Chaque année, nous recevons des demandes d'entreprises pour être présentes dans le cortège. Nous les sélectionnons sur un critère simple : pas de pinkwashing à la marche. On ne veut pas faire de promotion, on demande à ce que les marques s'engagent sur des actions concrètes au sein de leur entreprise ou au-delà de l'entreprise pour renforcer l'émergence de personnes LGBT dans leurs instances, par exemple. Si elles ne s'engagent pas, elles ne peuvent pas être présentes dans le cortège.
On leur demande également une contrepartie financière. La marche des fiertés est une marche militante, il n'y a pas de salariés, uniquement des bénévoles. On a besoin d'argent et nous demandons aux marques présentes de financer une partie de la marche. Cela nous permet de proposer à toutes les organisations des frais d'inscriptions très bas.
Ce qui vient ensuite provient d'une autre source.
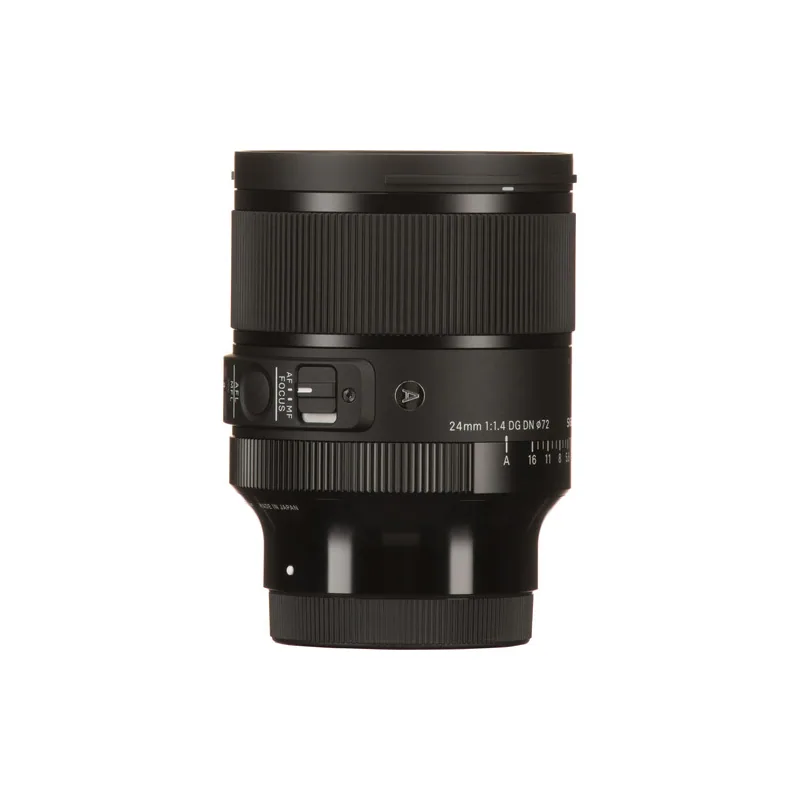 Sigma 24mm f/1.4 DG DN (Sony E) 2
TÊTU a cru comprendre que la plateforme de vidéo Netflix voulait profiter de la marche des fiertés pour promouvoir une de ses séries. Mais l' Inter-LGBT aurait refusé. Est-ce exact ?
On a bien reçu une demande mais il n'y aura pas de char Netflix dans le cortège, je ne ferai pas plus de commentaire...
Deux associations de lutte contre le sida (Act-up Paris et Aides) se retrouvent en fin de cortège. Dans un communiqué intitulé « le fric devant, le sida derrière ! » Act-up Paris a dit être victime d’un musellement par les organisateurs de la marche, en l’occurrence l’ Inter-LGBT. Que leur répondez-vous ?
Act-up n'est aucunement muselé. Il y a un processus pour placer les chars dans le cortège. Lorsqu'une organisation veut participer à la marche des fiertés, elle doit remplir un questionnaire dans lequel est posée une question simple : "est-ce que vous soutenez le mot d'ordre de la marche des fiertés?" Si l'organisation soutient le mot d'ordre, elle défilera dans la première moitié du cortège. Si elle ne le soutient pas, elle défilera dans la deuxième moitié. Act-up n'a pas signé le mot d'ordre et se trouve donc en queue de cortège.
Enfin, la représentativité des organisations au sein du cortège est roulante. Cela signifie que la marche des fiertés n'a pas de cortège fixe. Les trois dernières années, Act-Up était bien placé dans la marche des fiertés. Cela doit tourner. Il n'y a pas d'organisation plus importante qu'une autre d'où la nécessité d'instaurer un roulement chaque année. Il s'agit là de respect envers toutes les organisations.
Plusieurs collectifs et associations appellent à se placer en tête de cortège pour dénoncer le "pinkwashing" dans la marche. Il y aura une manifestation dans la manifestation ?
A l'inter-LGBT, nous déplorons qu’il y ait des manifestations contre la marche, j’inviterais plutôt ces gens-là à venir nous rencontrer pour discuter et construire quelque chose de positif ensemble. Ils ne sont pas nos ennemis, il ne faut pas se tromper de cible. Nos ennemis sont uniquement ceux qui se battent contre nos droits.
La marche des fiertés débutera samedi à 14 heures place de la Concorde et se terminera place de la République à 17 heures par un concert.